Problems arise when buildings or tall trees obstruct the testing ground. If the GNSS signal is interrupted, dropouts cause spikes in data, which is not ideal when you are relying on a clean velocity signal.
In order to keep high GNSS accuracy even where sky visibility is less than perfect, Racelogic couples data from an IMU and the VBOX 3i GNSS data logger.
By blending GNSS with data from an Inertial Measurement Unit, housing three gyros and three accelerometers, smoother, more reliable data is produced. The solution can deal with GNSS dropouts, maintaining high accuracy. IMU integration realises the high accuracies that VBOX 3i or VBOX 4 can achieve even when external conditions are compromised, meaning that data has now become more reliable and easier to interpret.
IMU integration decreases the noise for a more accurate reading, and maintains a precise velocity measurement throughout the GNSS drop outs.
The heading reading here is very consistent, providing more accurate results than the GNSS only data, which exhibits some noise, even in low speeds.
When mapping vehicle position along a heavily tree lined road, the GNSS signal incurs some drop outs and reflections, producing noisy position readings. However, IMU integration corrects the position measurements, creating smoother, more accurate data.
IMU Integration data provides a smoother, more accurate representation of longitudinal acceleration (measured in G-force) during an ABS brake stop.
Conducting brake tests on tall vehicles with long suspension travel can result in a speed overshoot of the velocity data, due to the measurements being taken at the high roof position of the GNSS antenna. As the brakes are initially applied, there is a higher rate of change in velocity at the roof than there is at the vehicle's centre of gravity (COG).
However, the integration of an IMU04 or IMU03 with a suitably upgraded VBOX 3i can be used to counteract this 'lever-arm' effect by placing the IMU at the COG, which measures the vehicle pitch as it brakes. This data, when combined with that from GNSS, provides a compensation for the overshoot and allows for consistent brake stop testing.

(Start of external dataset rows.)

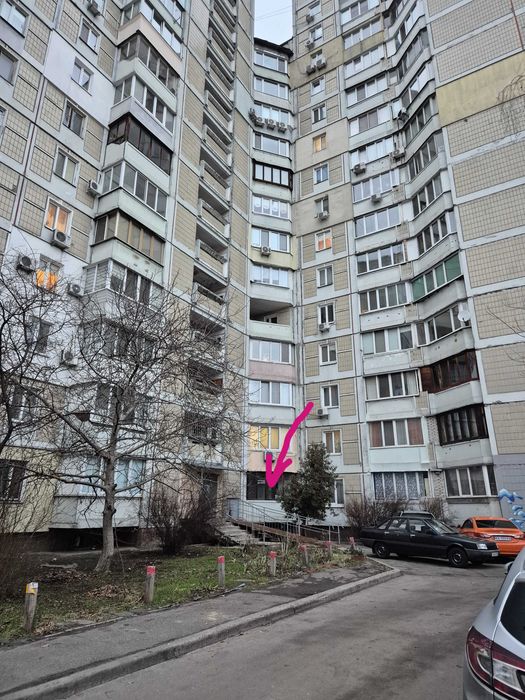 Квартира на 20 хвилин пішки до метро Академмістечко в Києві, ID 165540, фото №8
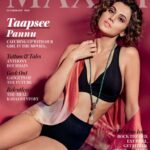 Taapsee Pannu Sexy (9 Photos)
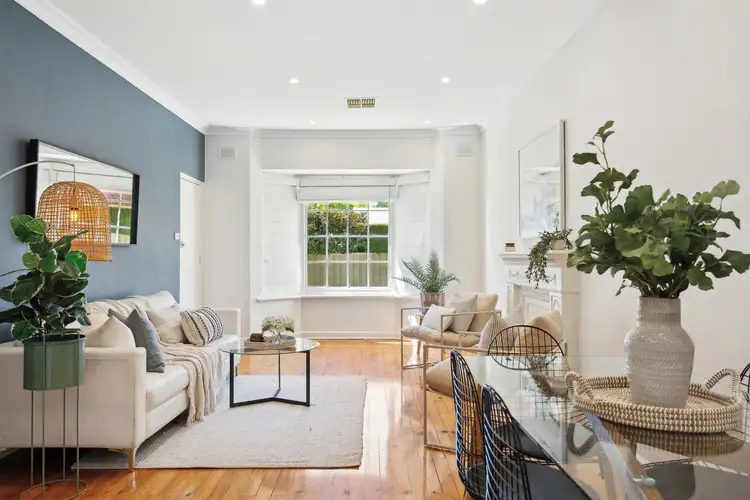 Fourth view of Homely unit listing, 3/59 Northumberland Street, Tusmore SA 5065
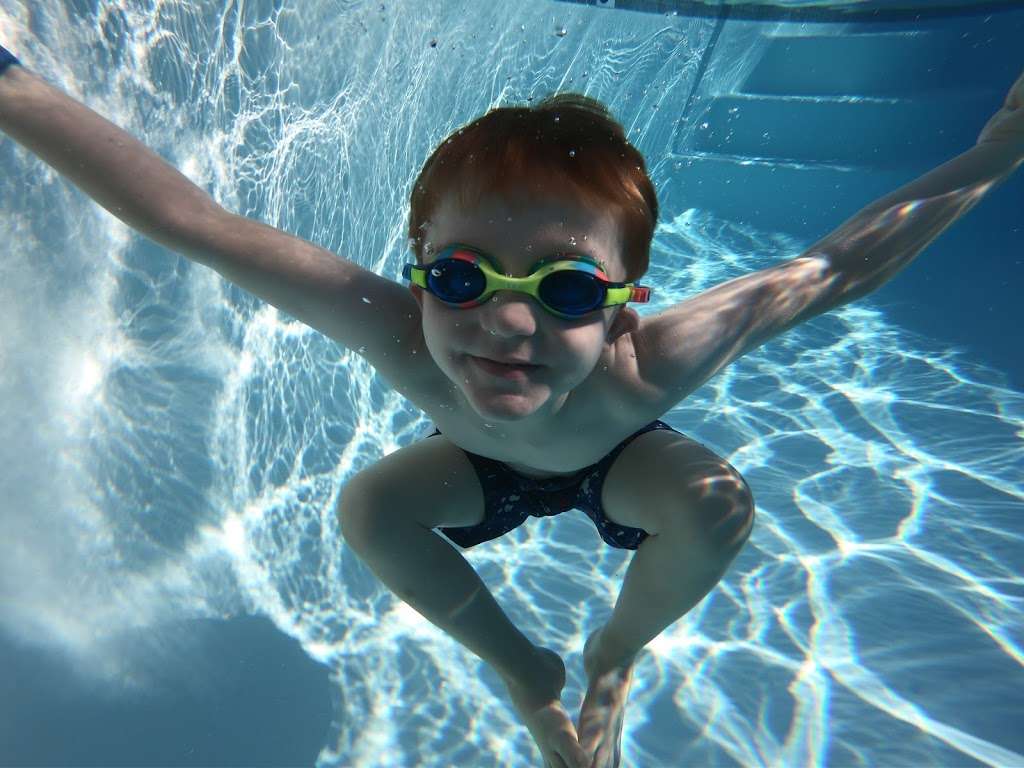 Sutton Swim School | 96 San Tomas Aquino Rd, Campbell, CA 95008, USA | Phone: (408) 996-9800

Counteracting the lever-arm effect will also aid test engineers when conducting high-dynamic manoeuvres other than brake stops. In slip angle measurements the speed overshoot can occur if the antenna is moving through a greater arc of travel than that of the vehicle's centre of gravity as it corners. Procedures such as lane change manoeuvres can therefore benefit from IMU integration and lever-arm compensation.
The graphs below show how point A has travelled further than point B:
Blue trace = GNSS Speed; Red trace = IMU-corrected data
In this example of a high-dynamic brake stop, the blue trace (GNSS Speed) overshoots at the initial point of brake application, and then exhibits a damped oscillation as the deceleration continues. The IMU-corrected data (red trace) accurately records the brake stop from the vehicles centre of gravity.
Red (below) = Pitch measured by the IMU; Blue = GNSS speed; Red = IMU integrated GNSS speed
The traces are of a car going over a speed hump. Note how the GNSS speed alters as the vehicle roof moves independently of the COG as it goes over the hump. The integrated speed logs the correct speed of the vehicle.